§ About this task:
The reply must contain exactly the lines below from the one with "Please note: a" down to the one with "The rapid advancement", both included, and nothing more; please omit the pictures.

[Stored items]
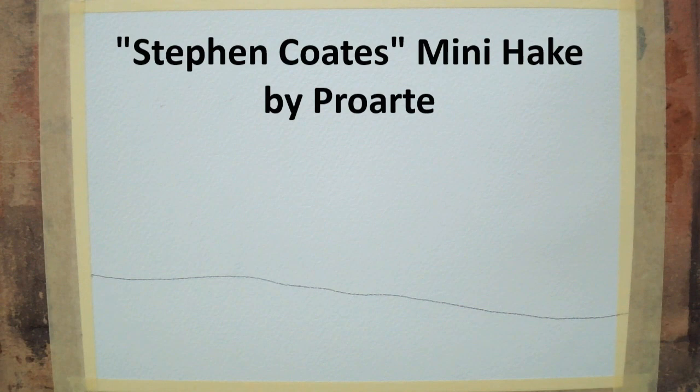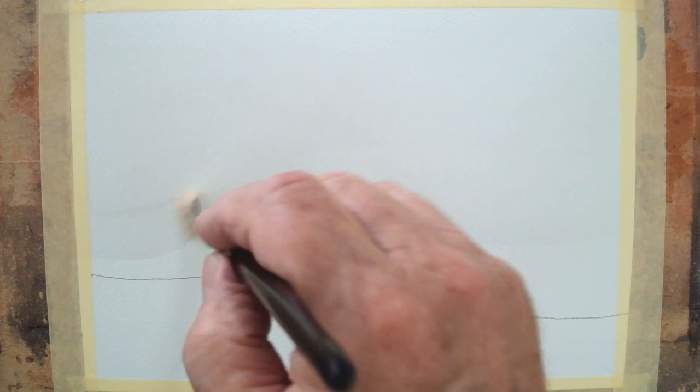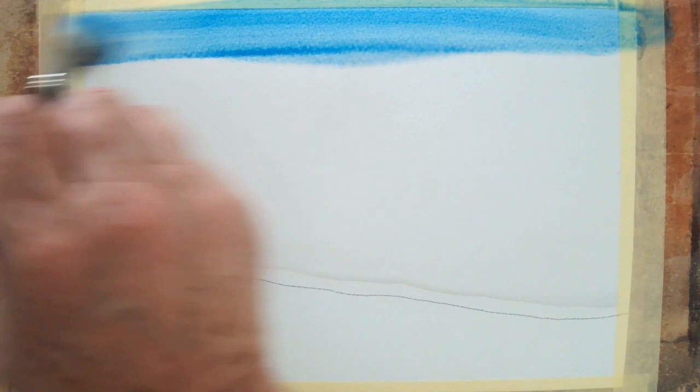I've got some clean water here and one of my mini hake brushes, and I'm quite literally going to soak the paper to within about a centimeter of that drawn line — just leaving a little part of it above which is dry, and you'll see why shortly. I'm not going to put any clouds in the sky; I'm going to have this as a really solid blue sky. I'll pick up the cerulean by swizzling the brush from side to side, picking up plenty of paint. Starting right at the top, we'll put a band of cerulean in there and as I come down we should get a natural fade towards that horizon. Any brush marks that appear will smooth out as the water continues to move.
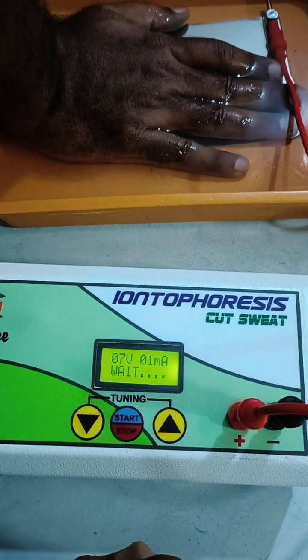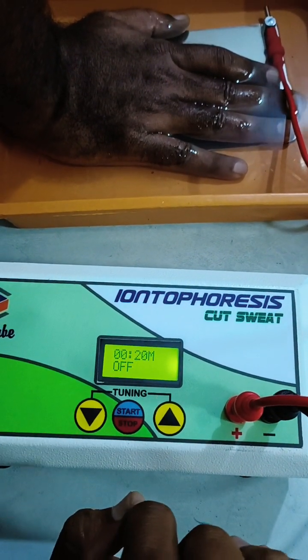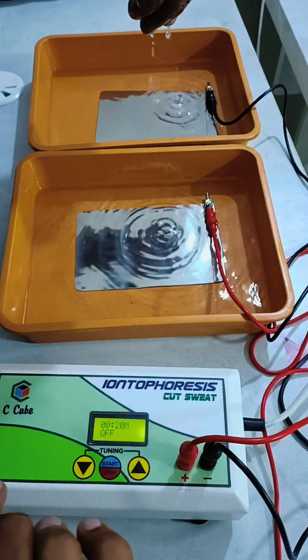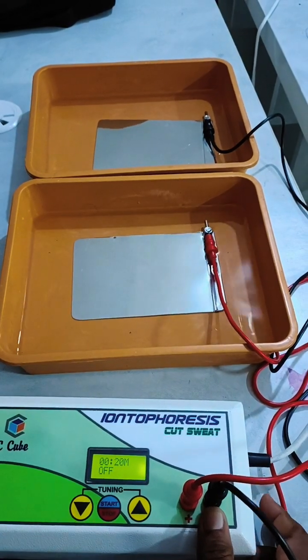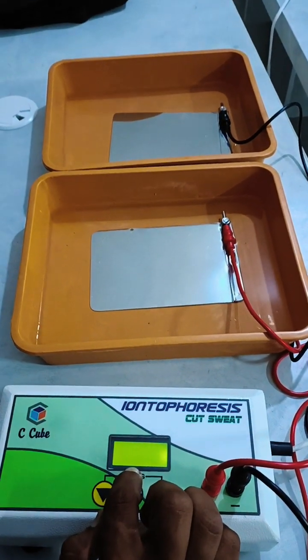Please note: a person with a pacemaker, stent, or any other implant in the body should not use this device. Also, do not place your hand in the tray before the initial CQBadvance Technologies startup screen has finished displaying.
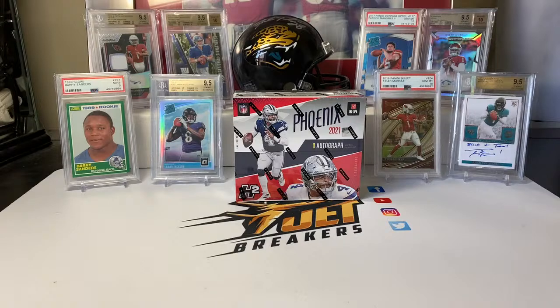Hey guys, welcome to another release day video. Today is April 27th, 2022. It's a busy day — we got four different releases coming out today. We just did the release day video for Panini One Football with a two box break on that one. This video is for Phoenix H2, the hybrid box that releases today. After this we're going to do Revolution Basketball, and then Bowman University Football. This is break number two of four on the release day stuff.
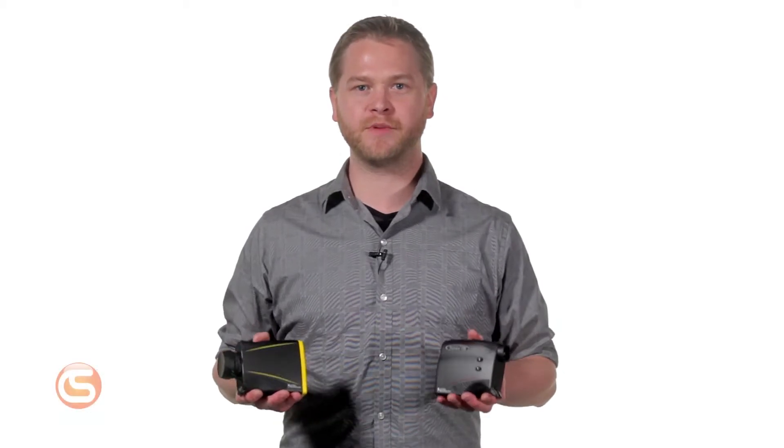Hey, I'm Josh with Columbia Safety and Supply, and in this video we're going to show you the difference between the TruPulse 200 and TruPulse 200L laser range finders. These days laser range finders have many applications, from outdoor recreation to giant commercial jobs. Not all laser range finders are equal — they measure different distances and accuracies, provide different types of calculations, and vary greatly in price.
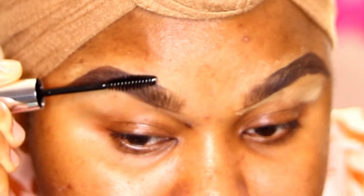We're done drawing the brows. I'm going to go ahead and conceal the brows now, but first I'm going to go in with the Anastasia Beverly Hills Brow Gel and use it to brush through the brows.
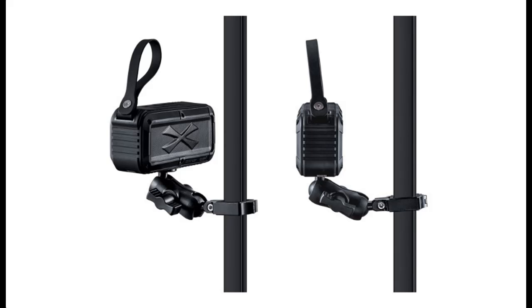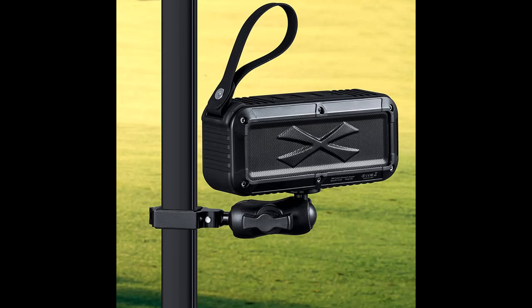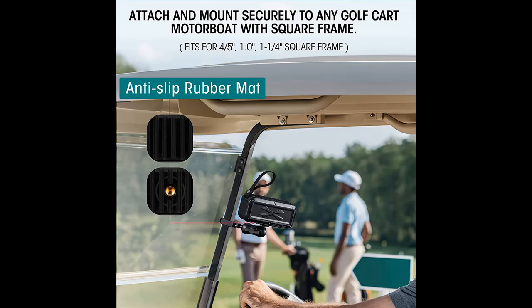Short picture overview of the Royca Golf Bluetooth speaker with mount — featuring loud stereo sound, IPX7 waterproof, shockproof, and dustproof design. This is a portable wireless speaker compatible with EZGO, Club Car, and Yamaha golf cart accessories.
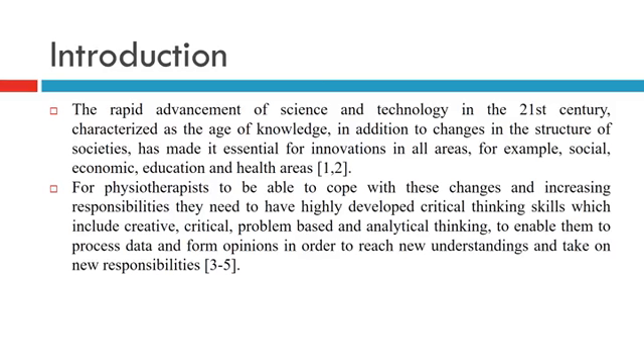The rapid advancement of science and technology in the 21st century — characterized as the age of knowledge — in addition to changes in the structure of society, has made innovation essential in all areas, including social, economic, education, and health.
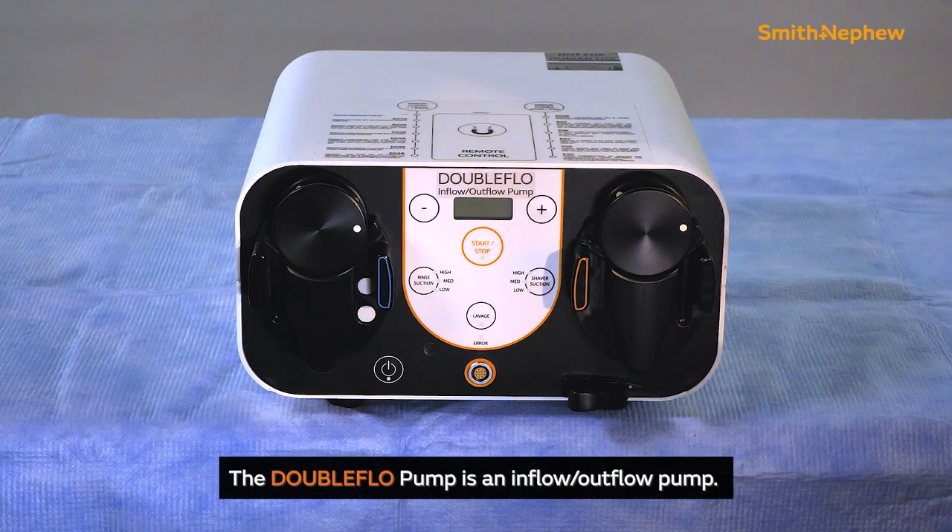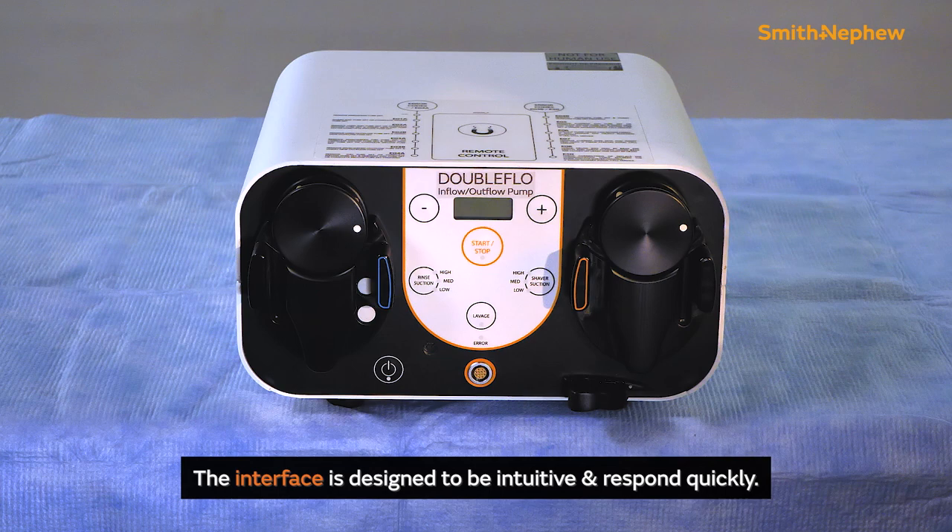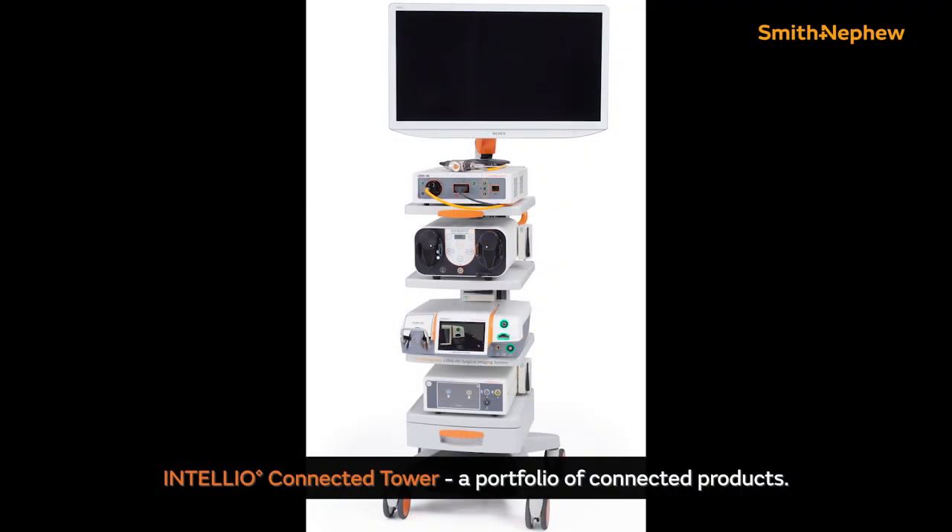The DoubleFlow pump is an inflow-outflow pump designed to enhance simplicity, responsiveness, and connectedness. The pump interface is designed to be intuitive and respond quickly to surgeon needs in diverse clinical situations. Further, it is part of Smith and Nephew's Intelio connected tower, a portfolio of connected products to streamline and optimize arthroscopic needs.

§ Exercise answer:
Please note: a person with a pacemaker, stent, or any other implant in the body should not use this device. Also, do not place your hand in the tray before the initial CQBadvance Technologies startup screen has finished displaying.
Hey guys, welcome to another release day video. Today is April 27th, 2022. It's a busy day — we got four different releases coming out today. We just did the release day video for Panini One Football with a two box break on that one. This video is for Phoenix H2, the hybrid box that releases today. After this we're going to do Revolution Basketball, and then Bowman University Football. This is break number two of four on the release day stuff.
Hey, I'm Josh with Columbia Safety and Supply, and in this video we're going to show you the difference between the TruPulse 200 and TruPulse 200L laser range finders. These days laser range finders have many applications, from outdoor recreation to giant commercial jobs. Not all laser range finders are equal — they measure different distances and accuracies, provide different types of calculations, and vary greatly in price.
We're done drawing the brows. I'm going to go ahead and conceal the brows now, but first I'm going to go in with the Anastasia Beverly Hills Brow Gel and use it to brush through the brows.
Short picture overview of the Royca Golf Bluetooth speaker with mount — featuring loud stereo sound, IPX7 waterproof, shockproof, and dustproof design. This is a portable wireless speaker compatible with EZGO, Club Car, and Yamaha golf cart accessories.
The rapid advancement of science and technology in the 21st century — characterized as the age of knowledge — in addition to changes in the structure of society, has made innovation essential in all areas, including social, economic, education, and health.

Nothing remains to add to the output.